_DIRECTIONS FOR THIS TASK_. The answer must be an exact reprint of the lines from the one with "image for item" through the final line of the data, with no pictures included.
==== INPUT FOR THIS TASK
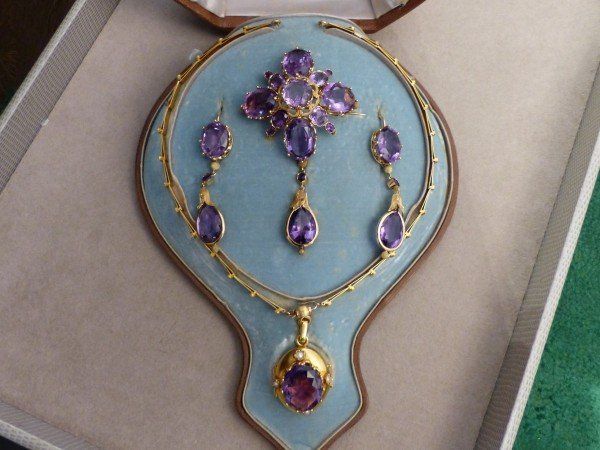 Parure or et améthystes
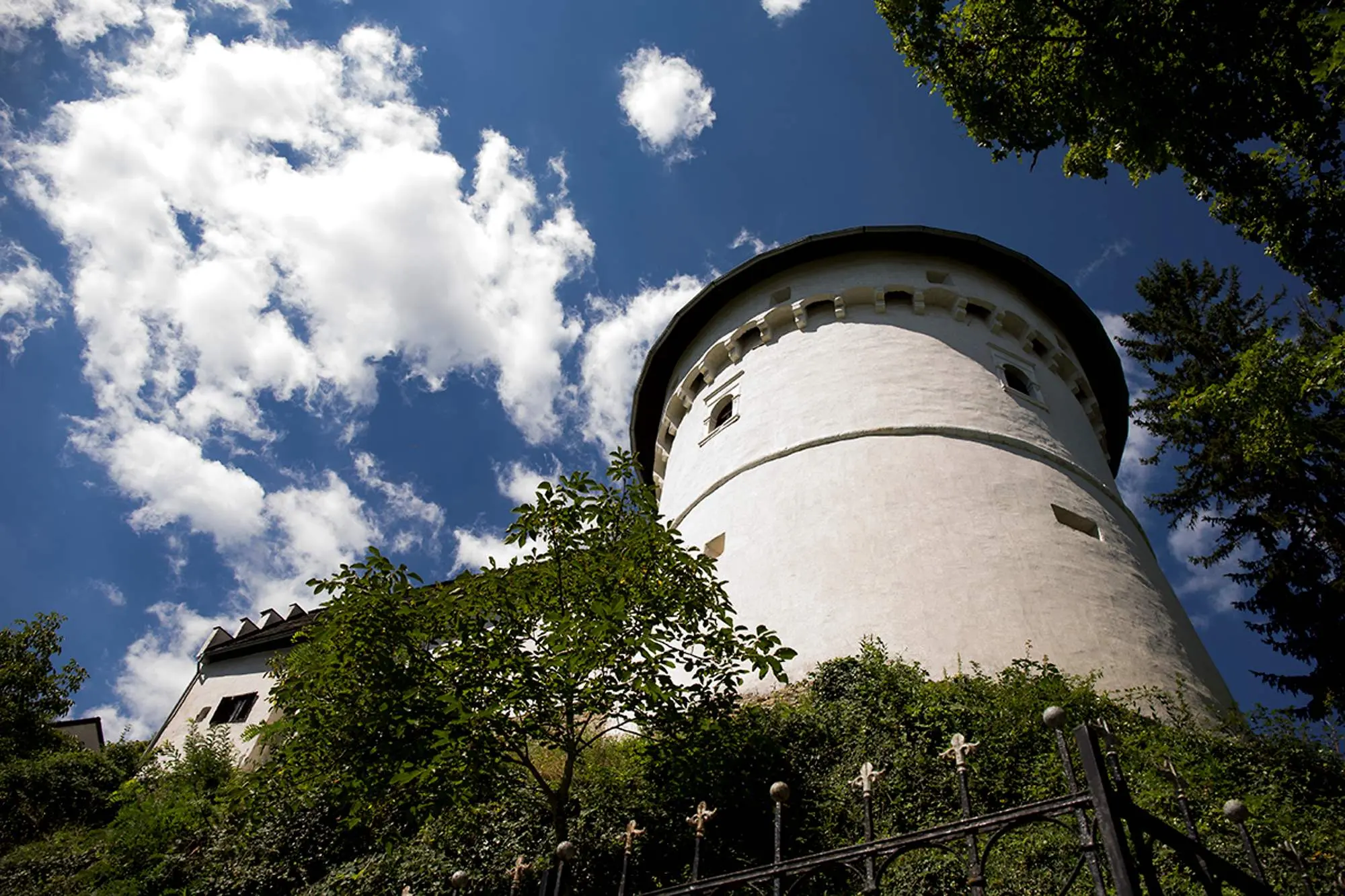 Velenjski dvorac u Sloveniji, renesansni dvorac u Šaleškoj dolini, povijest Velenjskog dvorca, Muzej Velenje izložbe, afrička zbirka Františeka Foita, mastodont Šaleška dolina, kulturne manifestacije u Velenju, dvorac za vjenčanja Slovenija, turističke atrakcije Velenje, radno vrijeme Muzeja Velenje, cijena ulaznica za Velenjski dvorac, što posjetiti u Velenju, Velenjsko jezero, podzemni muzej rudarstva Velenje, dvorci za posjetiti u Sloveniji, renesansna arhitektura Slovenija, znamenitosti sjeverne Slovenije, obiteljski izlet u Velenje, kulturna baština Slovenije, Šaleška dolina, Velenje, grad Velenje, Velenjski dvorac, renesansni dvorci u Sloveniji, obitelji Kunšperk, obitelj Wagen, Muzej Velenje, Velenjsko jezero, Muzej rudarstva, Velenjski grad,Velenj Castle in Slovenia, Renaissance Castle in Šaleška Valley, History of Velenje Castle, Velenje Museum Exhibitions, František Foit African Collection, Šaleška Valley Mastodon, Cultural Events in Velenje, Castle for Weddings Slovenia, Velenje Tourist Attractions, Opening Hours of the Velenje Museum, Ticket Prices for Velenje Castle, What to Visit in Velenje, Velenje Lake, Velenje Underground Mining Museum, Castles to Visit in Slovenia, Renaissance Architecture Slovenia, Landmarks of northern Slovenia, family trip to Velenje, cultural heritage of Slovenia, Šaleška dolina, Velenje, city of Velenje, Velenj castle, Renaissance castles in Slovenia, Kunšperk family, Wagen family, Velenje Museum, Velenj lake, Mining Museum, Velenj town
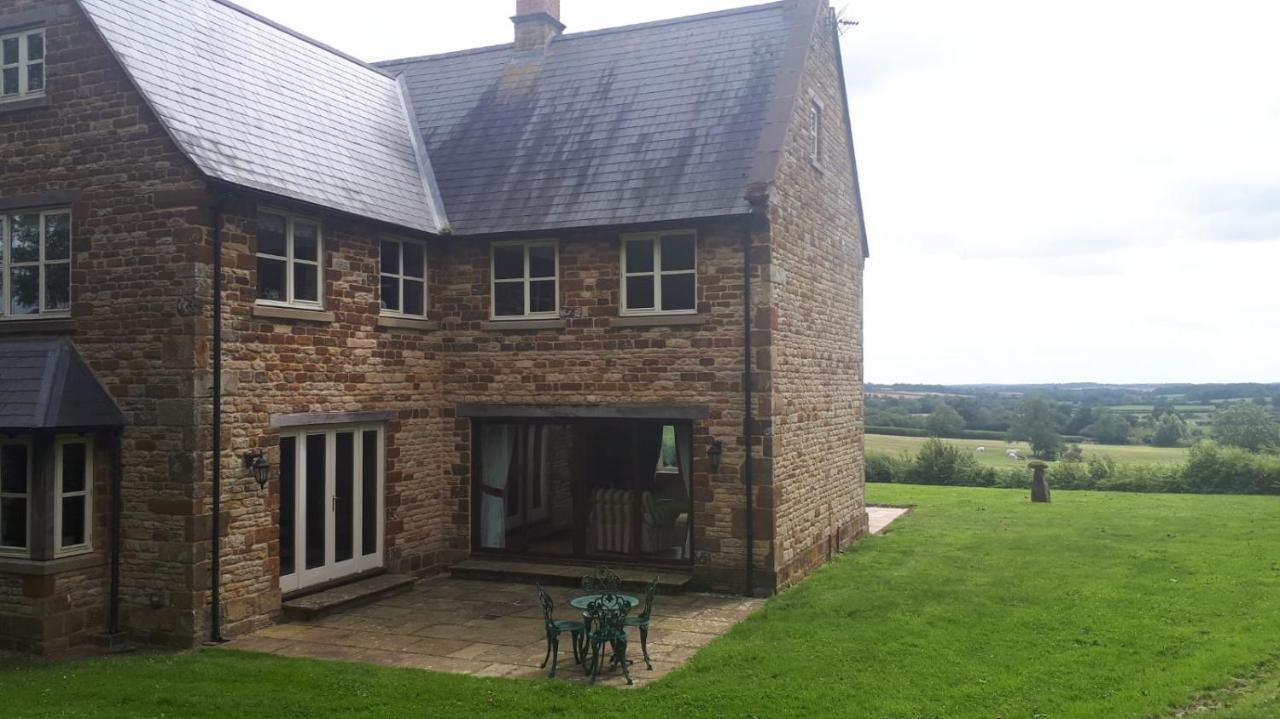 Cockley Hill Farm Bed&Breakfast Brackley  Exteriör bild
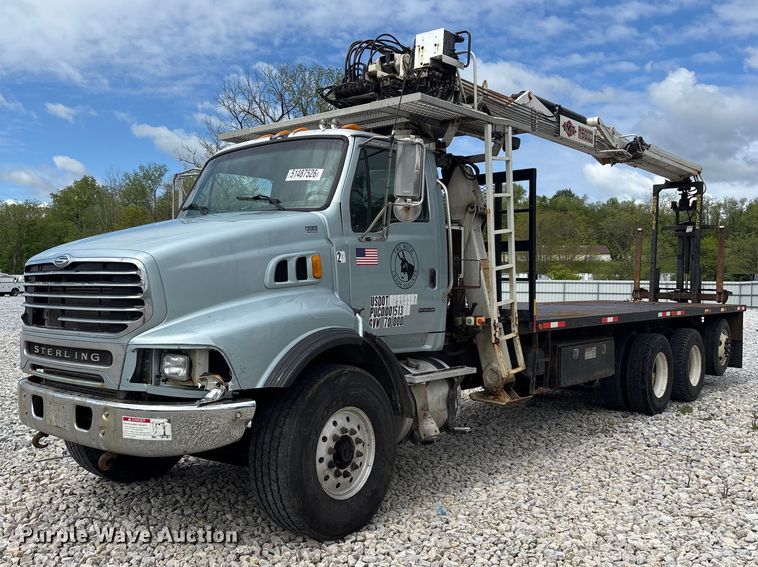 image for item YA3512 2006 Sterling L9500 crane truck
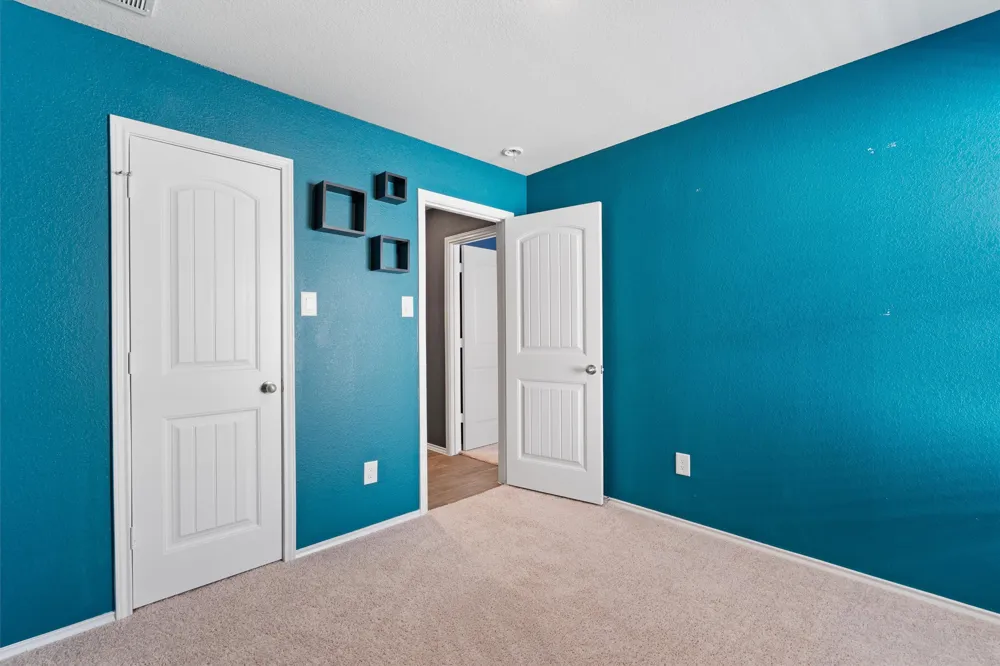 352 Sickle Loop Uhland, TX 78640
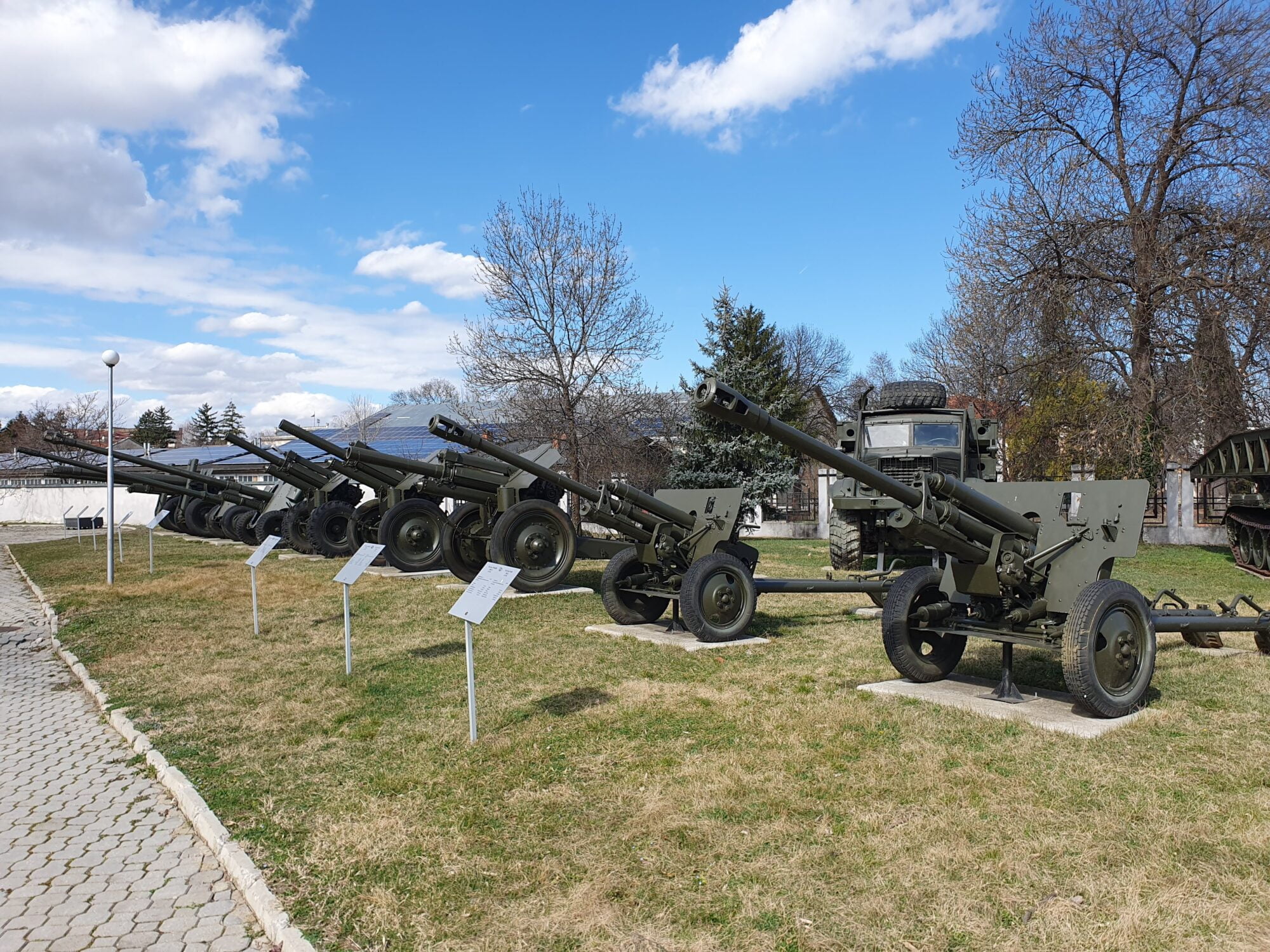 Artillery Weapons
========
_FINAL ANSWER_.
 image for item YA3512 2006 Sterling L9500 crane truck
 352 Sickle Loop Uhland, TX 78640
 Artillery Weapons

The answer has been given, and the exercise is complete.